Core journal analysis in AI surgical education research. (A) Bradford's Law visualization demonstrating concentration of research publications in a small number of core journals. (B) Bubble chart displaying journal impact: horizontal axis represents publication count (right = higher count), vertical axis represents citation frequency (higher = more citations). (C) Top 30 core journals by publication volume, with Cureus Journal of Medical Science, Surgical Endoscopy and Other Interventional Techniques, and Journal of Surgical Education leading. (D) Top 20 journals ranked by H-index, highlighting Cureus Journal of Medical Science, Journal of Surgical Education, and Journal of Plastic Reconstructive and Aesthetic Surgery as most influential.

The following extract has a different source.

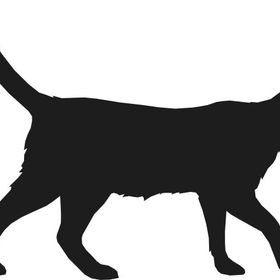 Technopa Kedi 200 cm Folyo Duvar Stickerı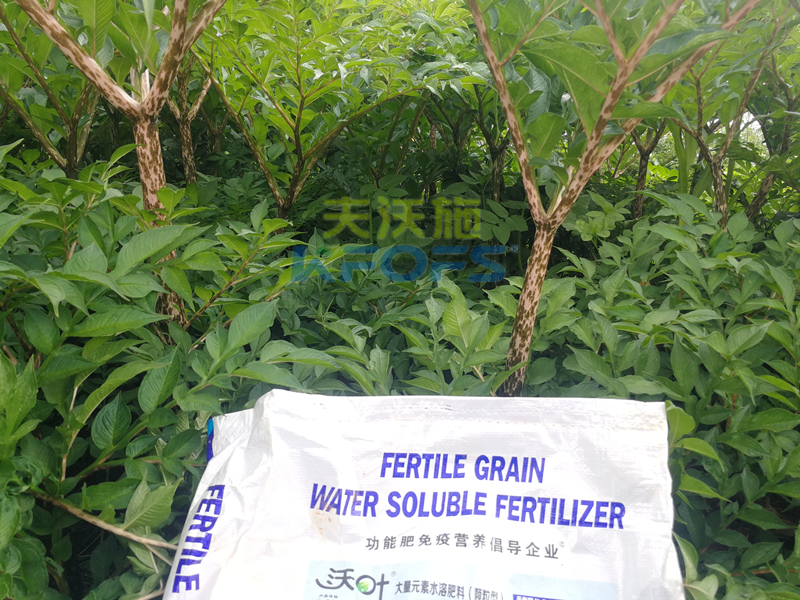 顆粒水溶肥，為何杜總只認(rèn)可這款！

Among these, Human Factors has the highest total citations. This journal is published by SAGE Publications Inc., founded in 1958, and is the flagship journal of the Human Factors and Ergonomics Society. It is recognized in the academic community for its high-quality peer review and strict illustration standards. The significant increase in citations for this journal is primarily due to Sheridan's paper “Human-robot interaction: status and challenges” with 412 citations (1).
Figure 2C shows the top 30 core journals, with the top three being: CUREUS JOURNAL OF MEDICAL SCIENCE, SURGICAL ENDOSCOPY AND OTHER INTERVENTIONAL TECHNIQUES, AND JOURNAL OF Surgical Education. Figure 2D shows the top 20 journals ranked by H-index, with the top three including: CUREUS JOURNAL OF MEDICAL SCIENCE, JOURNAL OF SURGICAL EDUCATION, and JOURNAL OF PLASTIC RECONSTRUCTIVE AND AESTHETIC SURGERY. The H-index measures both the productivity and citation impact of publications within a specific research field.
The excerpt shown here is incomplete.